Appellant files Application for Variation of Order of 11 June 2010
[15] In light of the foregoing and in an effort to proceed with the trial in the High Court, the Appellant filed an Application in this Court on the 16 November 2010 seeking inter alia an Order that the Order of the Court on the issue of costs made on 11 June 2010 and settled on the 22 October 2010 be varied to remove the condition that costs would have to be paid by the Appellant to the Respondents before the Appellant could proceed to trial in the High Court and/or such further and other relief as the Court may deem necessary and appropriate. An affidavit of Mrs. Worrell was filed on the 1 November 2010 in support of the Application.
Respondents file Bill of Costs
[16] Following the filing of the Application for Variation by the Appellant which was due to be heard on the 25 November 2010, the Respondents, on the 23 November 2010, for the first time filed their Bill of Costs and obtained a date of 7 December 2010 for taxation of these costs.
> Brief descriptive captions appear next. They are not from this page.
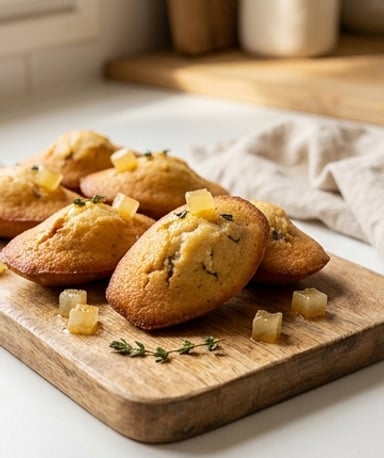 Madeleines croustillantes au confit de canard, citron confit et piment d’Espelette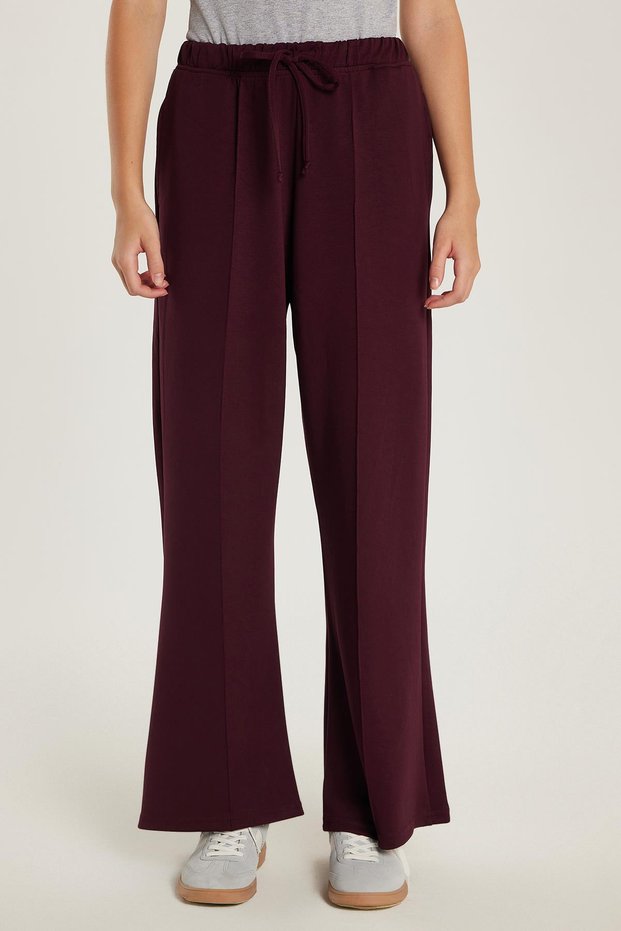Women's Modal Fabric Relax Fit Elastic Waist Tie-Up Burgundy Trousers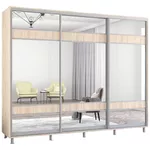 Шкаф Mobildor-Lux Aron uși glisante din PAL cu oglindă zebra (270x60x200H cm) Sonoma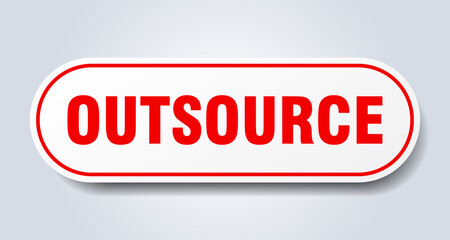 outsource sign. rounded isolated button. white sticker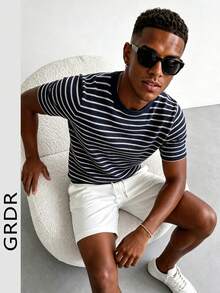 GRDR Men's Fashion Crew Neck Short Sleeve T-Shirt | Exquisite Design | Summer Essential | Easy To Match | Show Your Style - Navy Blue - View 8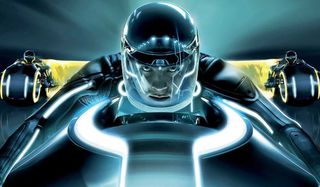 Tron Legacy Sam racing ahead of the competition on a light cycle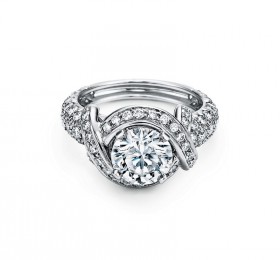 蒂芙尼TIFFANY& CO.SCHLUMBERGER铂金镶钻戒圈镶嵌圆形明亮式切割钻石订婚钻戒戒指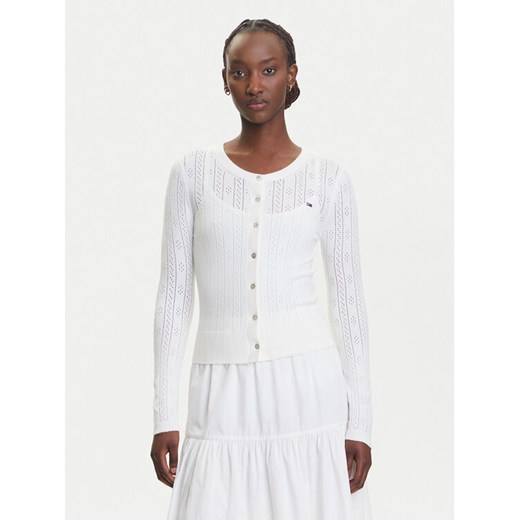 Tommy Jeans Kardigan Pointelle DW0DW20966 Biały Regular Fit ze sklepu MODIVO w kategorii Swetry damskie - zdjęcie 183885591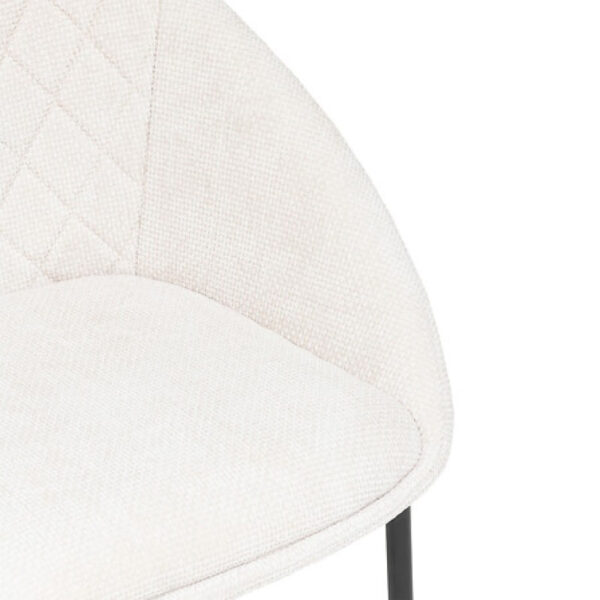 Scaun Atmosphera Seliso cu sezut din chenille, cadru din otel, 60x57x81 cm, bej - imagine 2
[17] On the 23 November 2010, Counsel for the Respondents filed an affidavit on behalf of the Respondents in response to the affidavits filed by Mrs. Worrell in which he, inter alia, charged the Appellant of refusing to settle the disputed order of this Court and claimed that this contributed largely to the Respondents’ delay in filing their Application for Taxation of Costs which had at that date been filed.
Hearing of Appellant’s Application for Variation
[18] The Appellant’s application for variation of the order of this Court, which was made on the 11 June 2010 but only settled on the 22 October 2010, came on for hearing before this Court on 25 November 2010. At this hearing, Counsel for the Appellant made three submissions.
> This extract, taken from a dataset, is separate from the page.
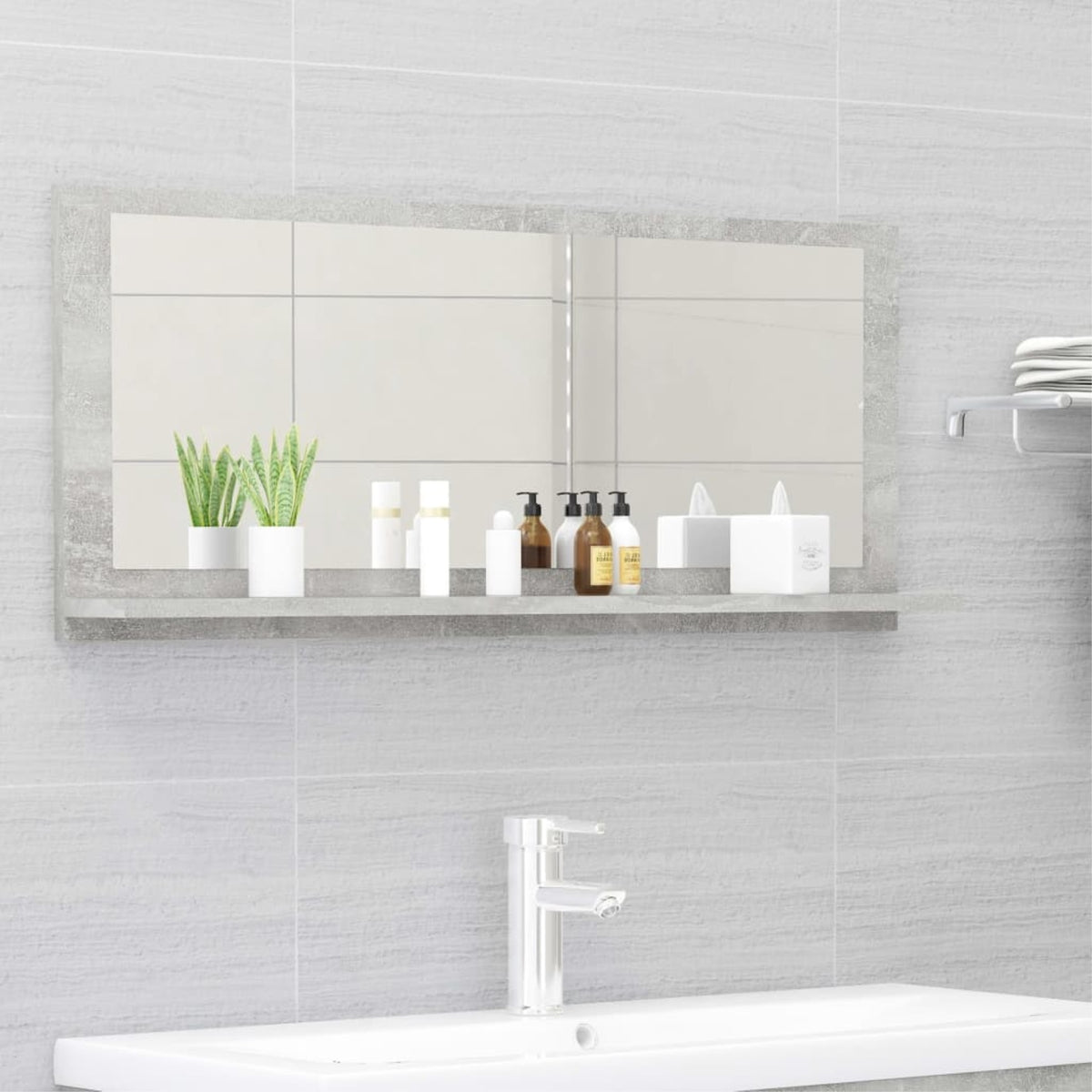 Vidaxl Bathroom Mirror Concrete Gray 35.4'X4.1'X14.6' Chipboard
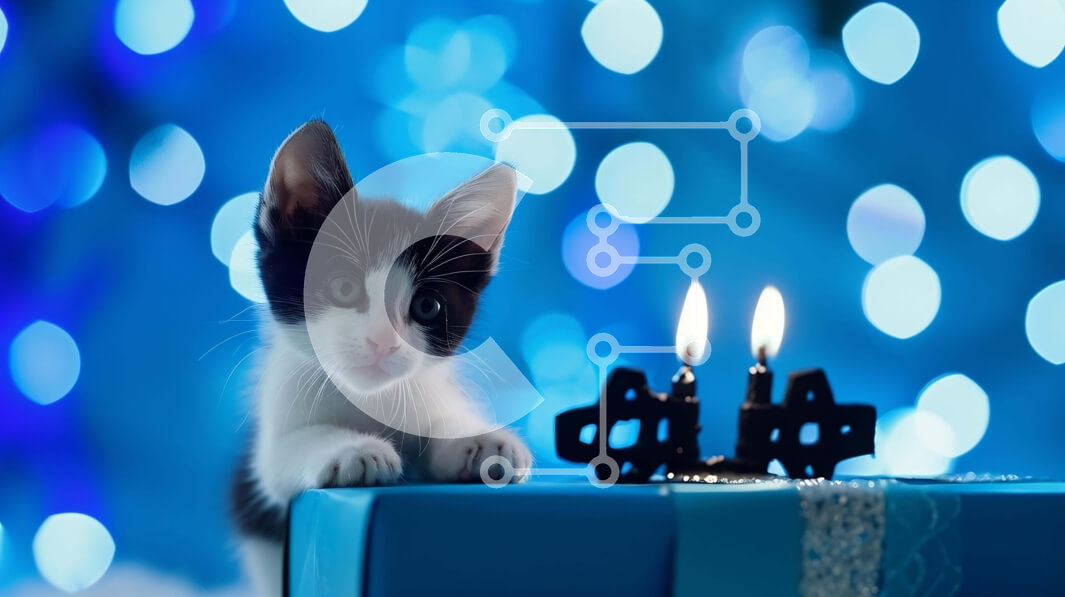 Intra Συλλεκτικό Ξύλινο Παζλ Plywood  4mm - Περίεργο γατάκι με κουτί δώρου και αναμμένα κεριά Σε Ξύλινο Κουτί - Διαστάσεις: 10x10 cm – 25 κομμάτια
[19] His first submission was that the Order as pronounced by this court on the 11 June 2010 which purported to vary the written judgment was a nullity in law in that the Court as constituted on the 11 June 2010 did not have the authority, power or jurisdiction to vary the written judgment of this Court as it related to costs or otherwise given especially the provisions of section 5 of the Supreme Court of Judicature Act.
[20] His second submission was that, on the assumption that his first submission was wrong and this Court did have authority, power and jurisdiction, the varied order as to costs should be further varied in the interests of justice and fairness to the Appellant in the circumstances, by removing the condition that the Appellant first pay the Respondents’ costs before proceeding to trial.
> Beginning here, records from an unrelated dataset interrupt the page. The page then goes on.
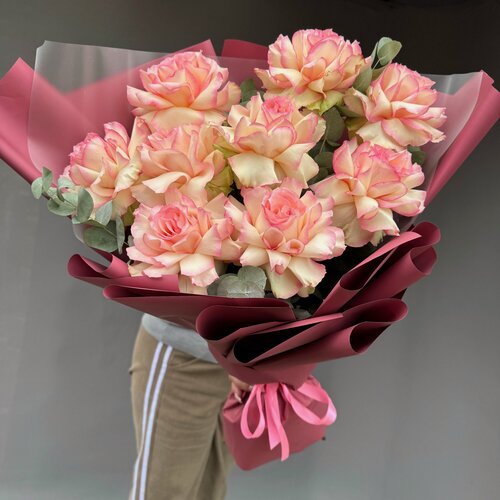 Изображение товара Огромные 5шт (на фото 10шт) Французские розы эсп бур арт.00313849 - Просто роза ру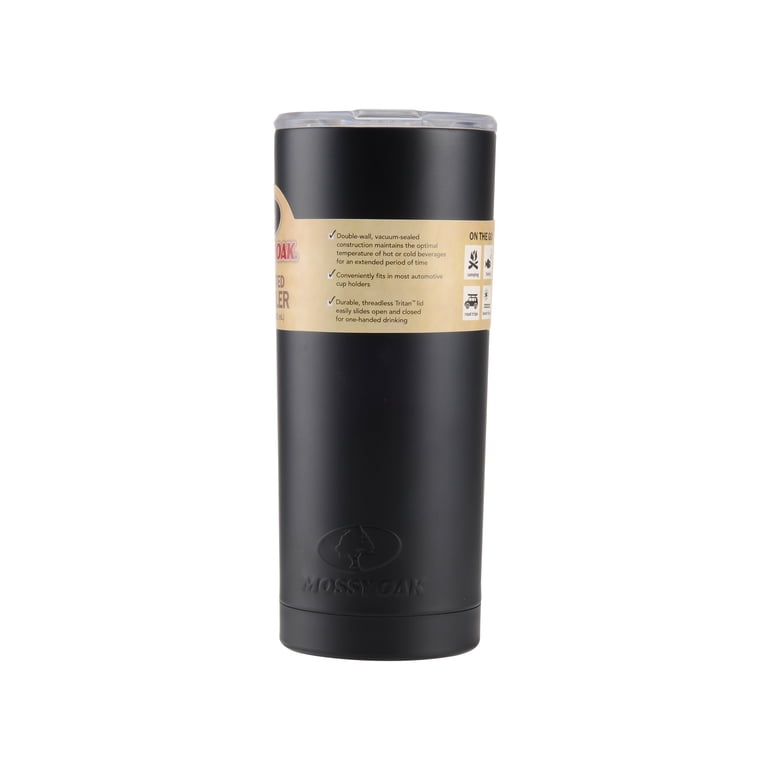 Mossy Oak 20 Ounce Matte Black Double Wall Stainless Steel 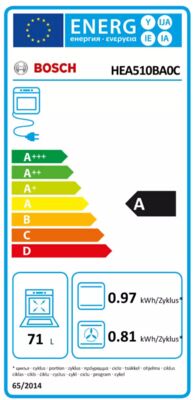 Étiquette énergétique de HEA510BA0C, classe d'efficacité énergétique A. Données disponibles sur la page produit.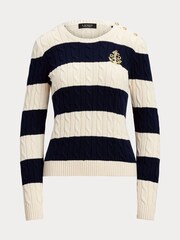 Lauren Ralph Lauren Montiva Stripe Cable Knit 100% Cotton Jumper - Image 9 of 9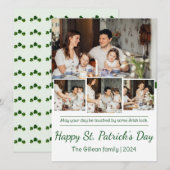 Happy St. patrickの日Shamrocks家族の写真 シーズンカード (正面/裏面)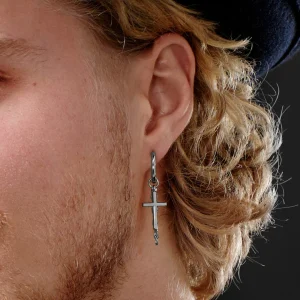 Lucleon Boucle D’oreille En Acier Argenté Avec Pendentifs Croix Et Chaîne 12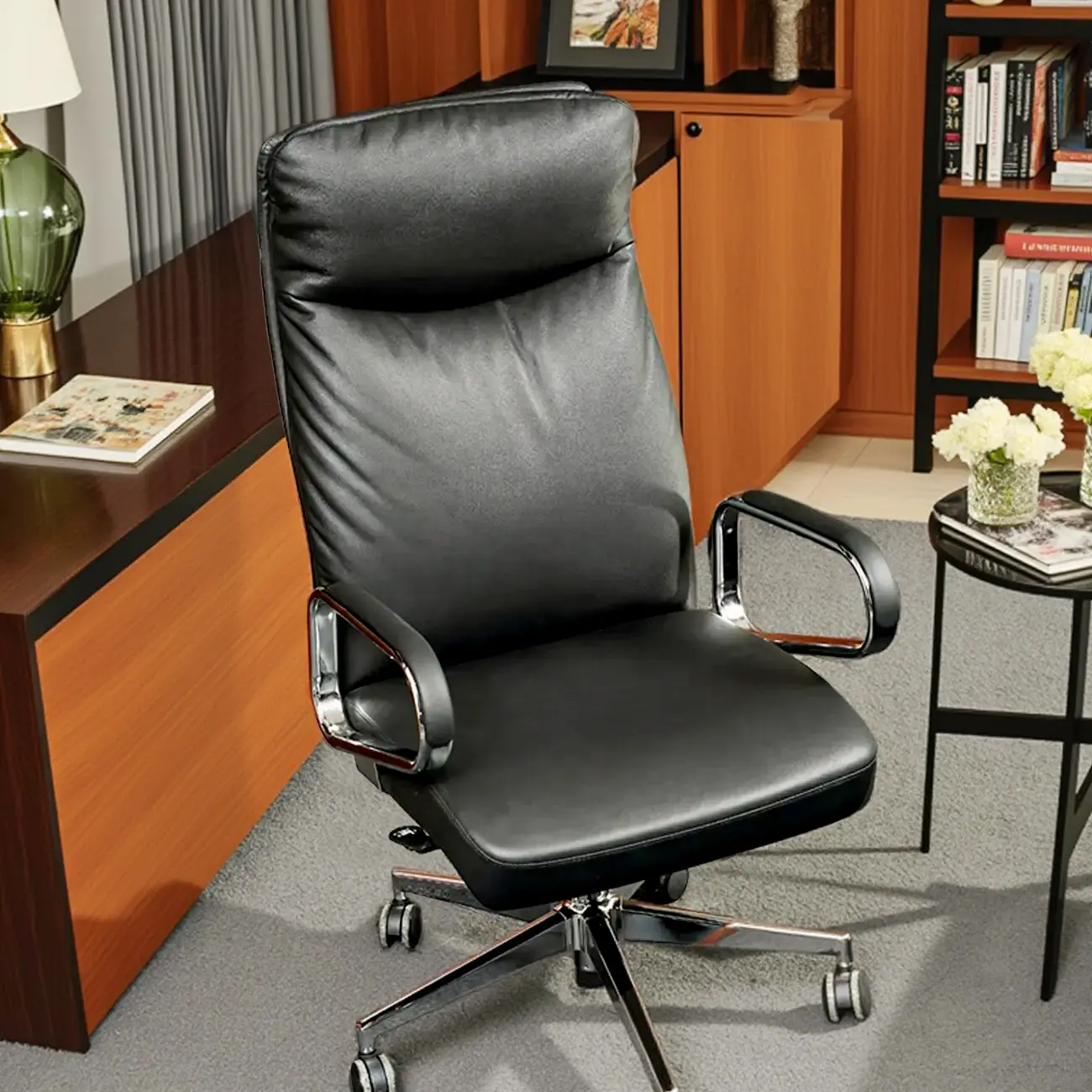 Modern Black Leather Upholstered Adjustable Swivel Office Chair Image - 2 | homeyfad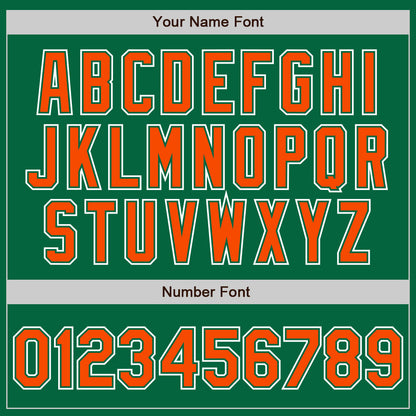 Custom Kelly Green Orange-White Authentic Gradient Fashion Baseball Jersey - Sky-Custom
[21] Counsel for the Appellant’s third submission was that, again assuming that his first submission was wrong, the varied order be further varied by this Court by ordering that the Appellant pay into Court an amount which the Respondents were likely to recover in taxation and that once this money is paid into Court, that the trial should proceed in the High Court. The case of Thames Investments & Securities PLC v Benjamin [1984] 3 All ER 393 was cited in support of this approach to achieve fairness and justice.
[22] Counsel for the Respondents submitted that the order should not be varied as sought in the Application for Variation. He, however, agreed to the suggestion by Counsel for the Appellant for payment of costs into Court.
[23] The matter was then adjourned to 1 December 2010 to allow the parties an opportunity to reach an agreement on a reasonable amount of costs to be paid into Court pending taxation of the Respondents’ costs so that the matter could then proceed to a speedy trial in accordance with the direction given by this Court in its written judgment.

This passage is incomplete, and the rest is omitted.